En deux ans, Elisa obtient finalement son bac avec mention dans une filière technologique, une incroyable fierté. Aujourd'hui, elle suit une formation d'hôtellerie-restauration, et envisage l'avenir avec sérénité : "Si les choses ne vont pas comme je veux, je sais que ce n'est pas grave, je suis beaucoup plus sûre de moi. Il ne faut pas hésiter à prendre le temps pour trouver ce qui nous plaît."

Cyril, 23 ans : "J'ai fait de mon décrochage une force" 

Dès son entrée en classe de sixième, Cyril a dû subir les moqueries de ses camarades. "Mes amis de l'école primaire se sont retournés contre moi, je me suis retrouvé tout seul. Tous les jours, mes camarades me persécutaient. Alors j'ai fini par riposter. Après une bagarre, j'ai été exclu du collège pendant une journée. Mes parents étaient abasourdis. Ils ont voulu en parler, mais ils n'arrivaient pas à me comprendre."

Le jeune garçon est pourtant bon élève, et maintient une bonne moyenne tout au long de son parcours. Après le collège, Cyril décide ensuite de se lancer dans un bac professionnel de cuisine. Mais, là-bas, les moqueries contre lui continuent : "Un jour, en rentrant d'un stage, je suis rentré chez moi, abattu. Je ne suis plus sorti de ma chambre pendant trois mois. J'ai tout arrêté, j'évitais mes parents et je ne sortais que pour aller voir mon meilleur ami. Au fil des années, j'avais réussi à me créer une carapace. Personne n'a vu venir mon décrochage."

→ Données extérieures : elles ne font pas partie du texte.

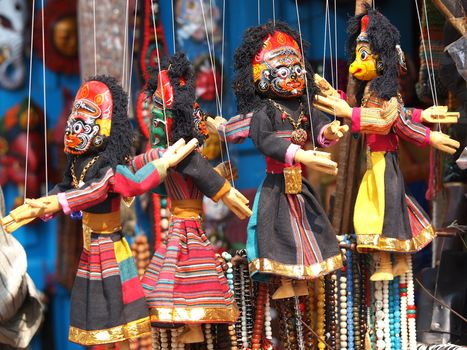 traditional puppets on open market in Nepal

C'est grâce à l'un de ses amis que Cyril finit par sortir de la torpeur. "Lui aussi avait arrêté les cours", raconte le jeune homme, "et il avait été aidé par La Bouture, une association qui aide les jeunes. Ses parents m'ont collé le téléphone à l'oreille pour que je les contacte. Comme j'étais très méfiant, j'ai évité les premiers rendez-vous, je me trouvais des excuses, mais l'équipe là-bas a su me rassurer. On prenait un café ensemble, mes envies étaient prises au sérieux. Ils m'ont fait écrire une lettre symbolique pour que je quitte mon bac pro, que je mette cette période derrière moi."

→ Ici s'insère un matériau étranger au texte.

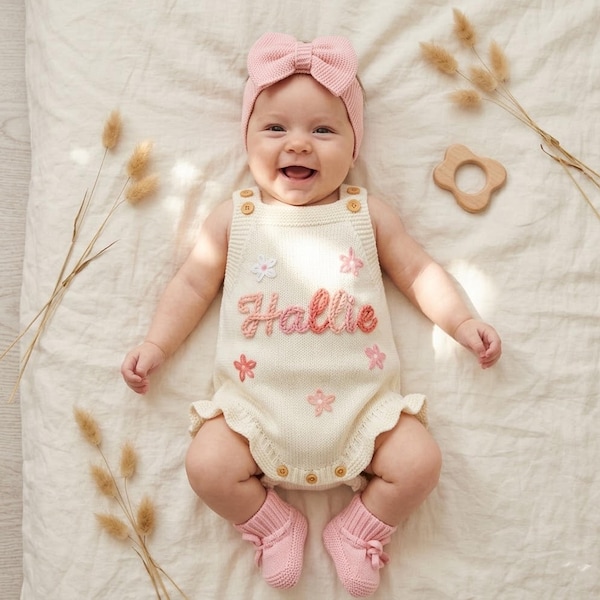 Custom Name Baby Romper, Personalized Baby Girl Romper, Baby Summer Outfit, Ruffled Romper Baby, Newborn Coming Home Outfit, Baby Girl Gifts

Cyril passe alors trois mois en formation au Collège-lycée élitaire pour tous (Clept), une structure de l’Education nationale destinée aux décrocheurs scolaires de plus de quinze ans. Tout de suite, il se sent accepté : "Pour la première fois, j'étais écouté, compris, tout le monde était sympa avec moi. Mon professeur tuteur me parlait sans détour, me disait quand je repartais dans mes vieux travers. Je me suis ouvert aux autres. Je suis entré dans une classe de première classique, où j'étais toujours encadré par le Clept. Nous passons le même bac, mais nous avons aussi des moments de discussion avec nos professeurs, des ateliers d'écriture, des activités culturelles. Je me suis même découvert une passion pour le dessin."

A 20 ans, le Grenoblois obtient son bac avec mention. Depuis, il travaille avec l'association pour aider à son tour les jeunes qui, comme lui, ont arrêté l'école. Après deux ans en licence d'anglais, il envisage à nouveau de changer de voie : "Quand on est décrocheur, on le reste. On remet tout en question, on est très critique du monde extérieur", reconnaît l'étudiant. "Mais j'en ai fait une force. Je suis tombé une fois, je sais que je peux me reconstruire. J'ai envie de devenir enseignant, et je vois maintenant plein de possibilités qui s'ouvrent, c'est une véritable chance."